*** Begin section ***

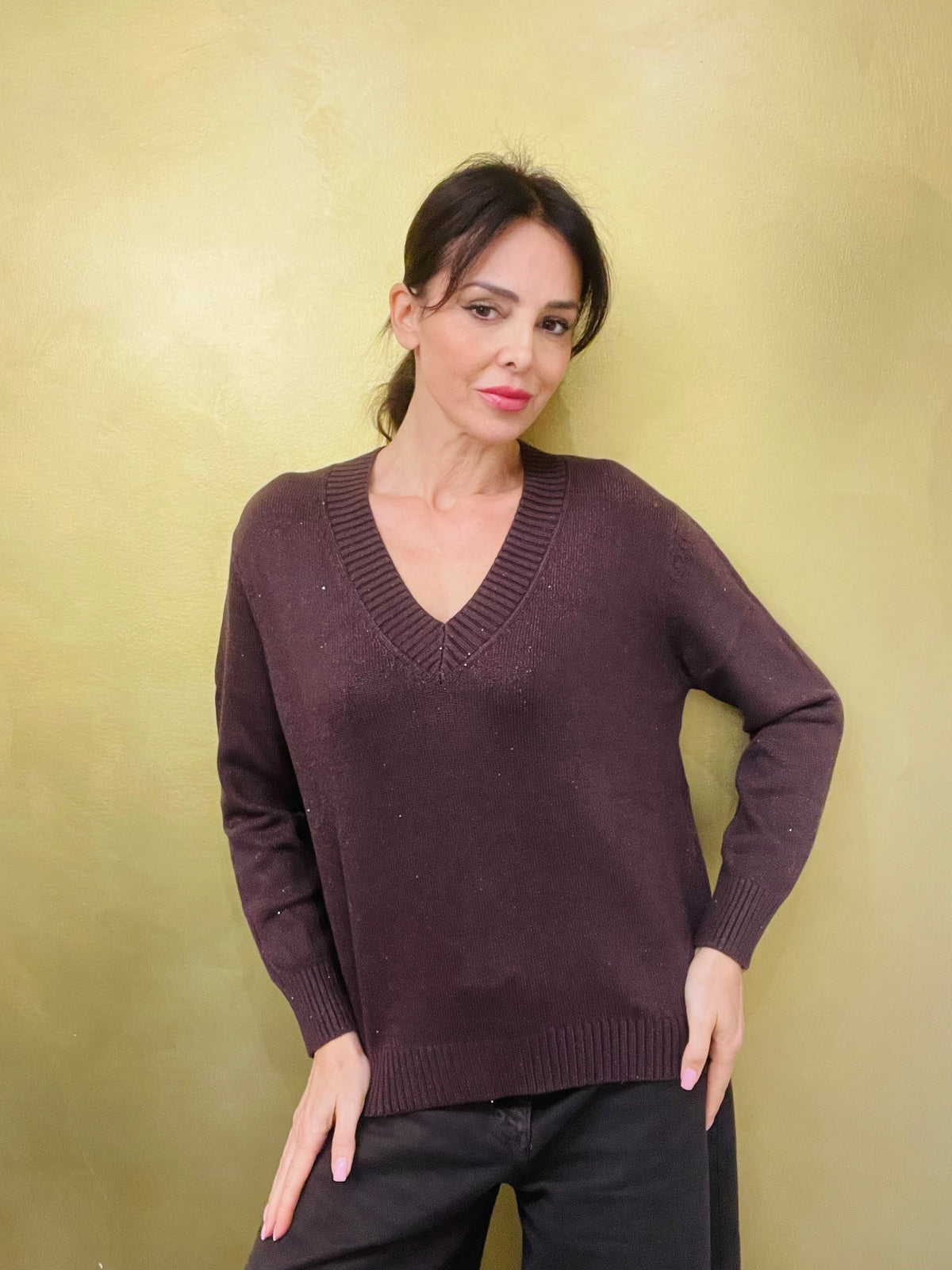 MAGLIA A V MICROPAILLETTES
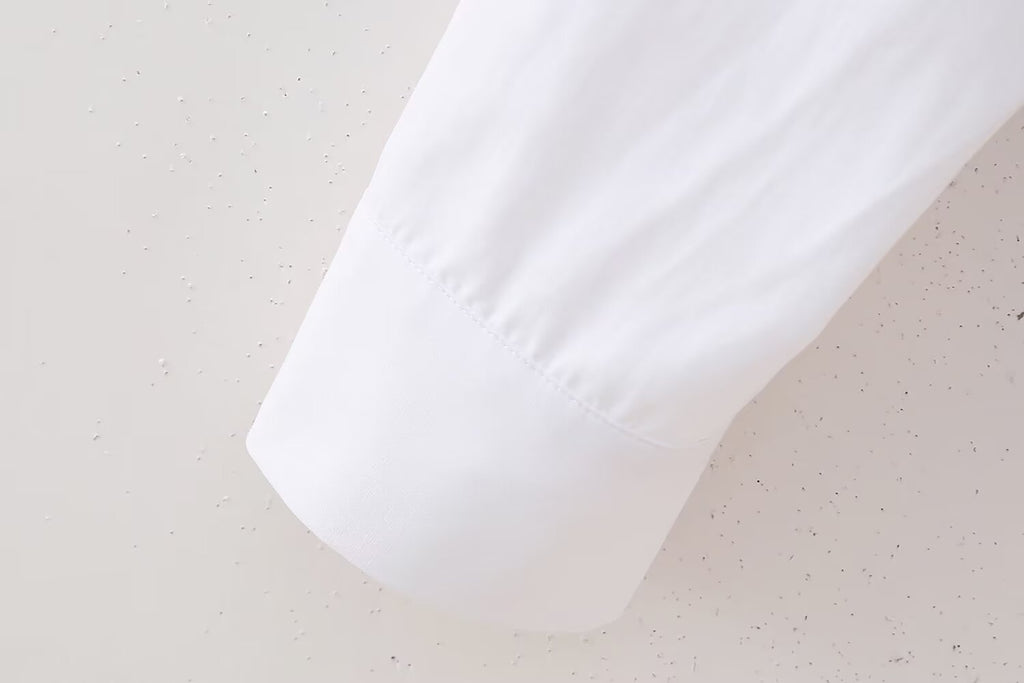 Women Clothing French Hollow Out Cutout Embroidery Short Shirt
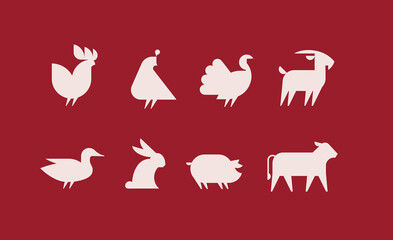 Farm animals icon set with rooster, quail, turkey, goat, duck, hare, pig, cow drawing with light on red background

*** End section ***

**What this task involves**. Every word of the data should be reproduced exactly; please omit any pictures.

**Your solution**.
 MAGLIA A V MICROPAILLETTES
 Women Clothing French Hollow Out Cutout Embroidery Short Shirt
 Farm animals icon set with rooster, quail, turkey, goat, duck, hare, pig, cow drawing with light on red background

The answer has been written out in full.